Comment by simonw

Comment by simonw 5 days ago

8 replies

I don't buy this.

It implies that the agents could only do this because they could regurgitate previous browsers from their training data.

Anyone who's watched a coding agent work will see why that's unlikely to be what's happening. If that's all they were doing, why did it take three days and thousands of changes and tool calls to get to a working result?

I also know that AI labs treat regurgitation of training data as a bug and invest a lot of effort into making it unlikely to happen.

I recommend avoiding the temptation to look at things like this and say "yeah, that's not impressive, it saw that in the training data already". It's not a useful mental model to hold.

deadbabe 5 days ago

It took three days because... agents suck.
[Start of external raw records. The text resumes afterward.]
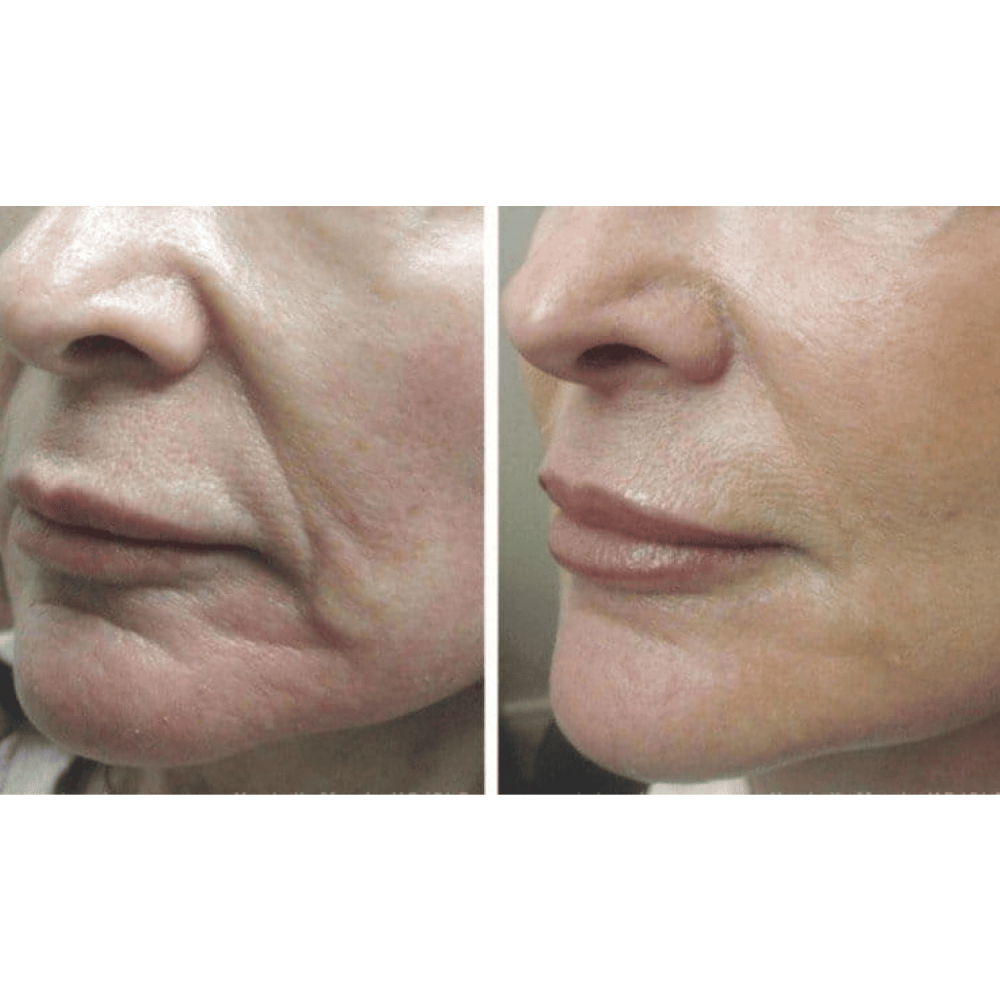 MEDICA+ Skin Lifting 5.0 Microcurrent Lifting Massager (Japan)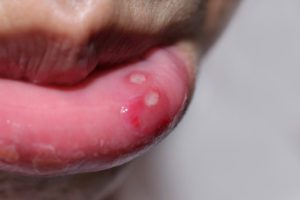 Άφθες στο στόμα: Αίτια, συμπτώματα, αντιμετώπιση και πρόληψη [vid]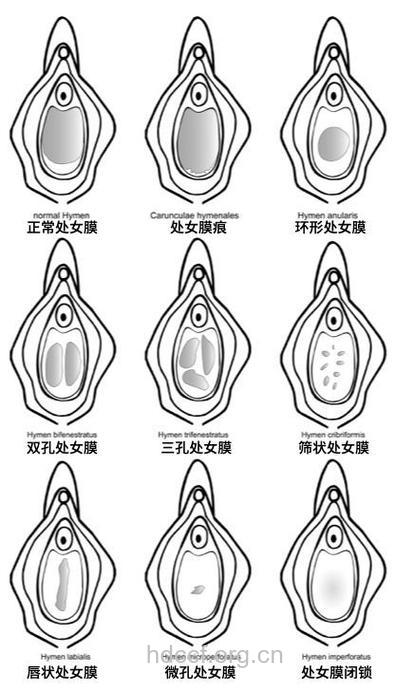 女性自慰 处女膜会破裂吗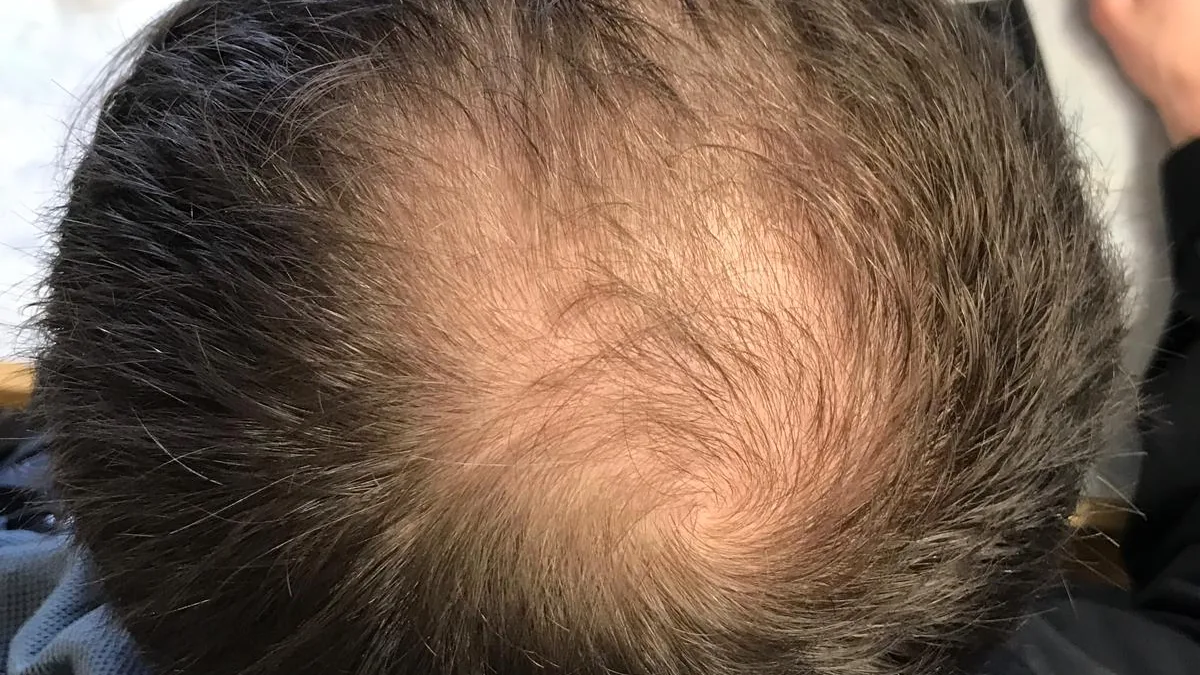 Top-down view of a man's dark hair with a thinning, swirled area at the crown where the scalp shows through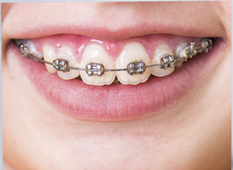 <h1 style="color: #FFFAFA; margin: 31px 0px 15px 0px;"><p class="style_img_title_banner img_title_banner"></p><span>ORTODONTIA</span></h1><p class ="slide"> Quem nunca sonhou com dentes alinhados e bem posicionados?</p>    <a href="https://www.clinicadf.com.br/tratamentos/ortodontia/" class="btn-banner_saibamais btn_banner_saiba_mais"></a>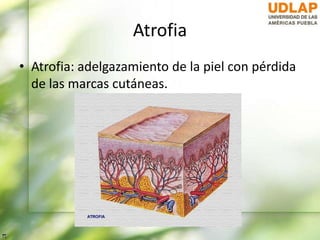 Atrofia
• Atrofia: adelgazamiento de la piel con pérdida
de las marcas cutáneas.
 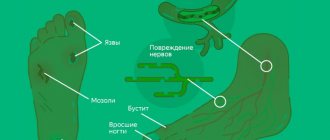 Симптомы диабетической стопы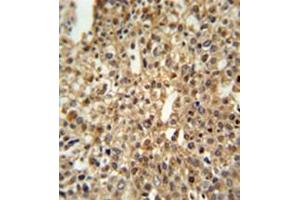 Formalin fixed and paraffin embedded human cervix carcinoma reacted with DENND1A Antibody (C-term) followed by peroxidase conjugation of the secondary antibody and DAB staining.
But yes, with enough prodding they will eventually build you something that's been built before. Don't see why that's particularly impressive. It's in the training data.

  • simonw 5 days ago

    Not a useful mental model.

    • deadbabe 5 days ago

      It is useful. If you can whip up something complex fairly quickly with an AI agent, it’s likely because it’s already been done before.

      But if even the AI agent seems to struggle, you may be doing something unprecedented.

      • simonw 5 days ago

        Except if you spend quality time with coding agents you realize that's not actually true.

        They're equally useful for novel tasks because they don't work by copying large scale patterns from their training data - the recent models can break down virtually any programming task to a bunch of functions and components and cobble together working code.

        If you can clearly define the task, they can work towards a solution with you.

        The main benefit of concepts already in the training data is that it lets you slack off on clearly defining the task. At that point it's not the model "cheating", it's you.